| Material for this task |
◆ ◆ ◆ ◆ ◆
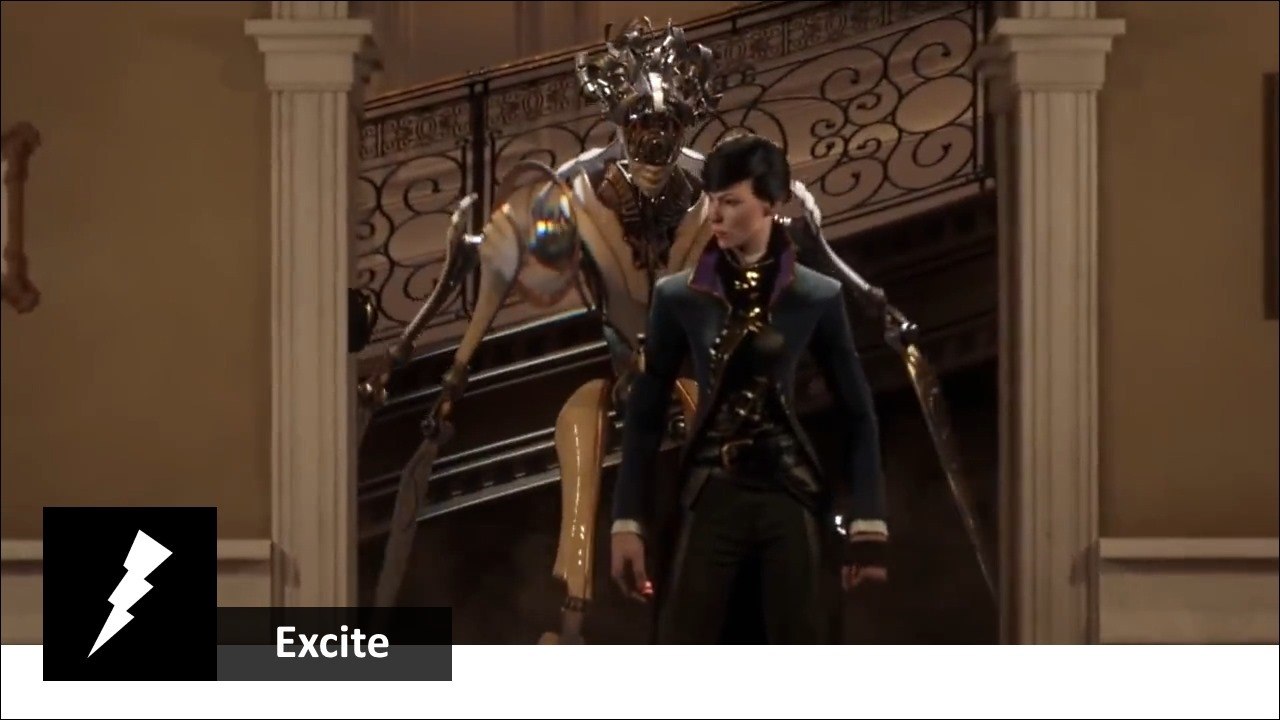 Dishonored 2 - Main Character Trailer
◆ ◆ ◆ ◆ ◆
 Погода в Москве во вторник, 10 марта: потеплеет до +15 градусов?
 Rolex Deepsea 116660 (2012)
◆ ◆ ◆ ◆ ◆
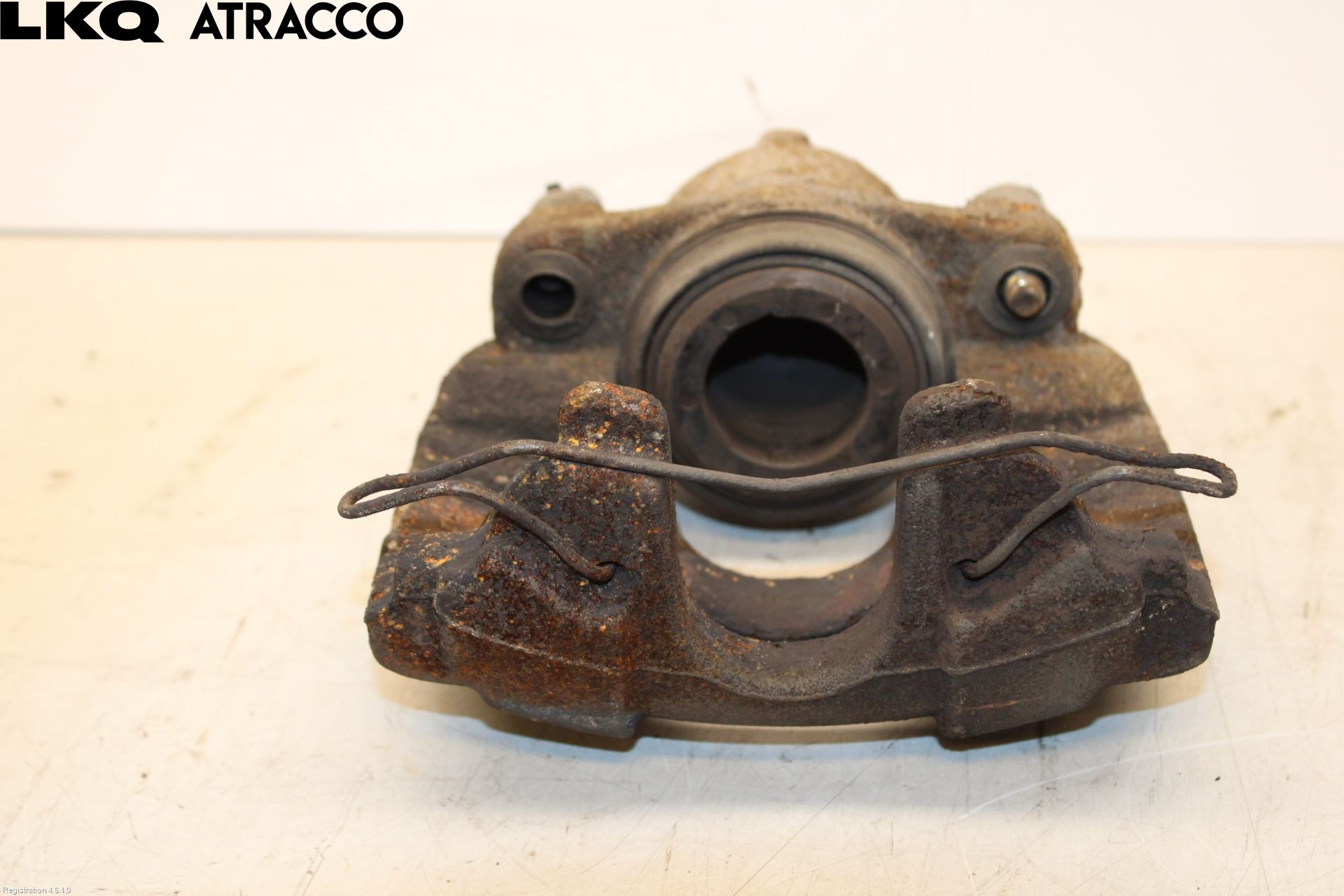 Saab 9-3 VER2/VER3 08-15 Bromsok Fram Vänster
◆ ◆ ◆ ◆ ◆
| Required work |
Of all the entries above, output exactly the lines between the one holding "Погода в Москве" and the one holding "Rolex Deepsea 116660 (2012)", inclusive.

| Response area |
 Погода в Москве во вторник, 10 марта: потеплеет до +15 градусов?
 Rolex Deepsea 116660 (2012)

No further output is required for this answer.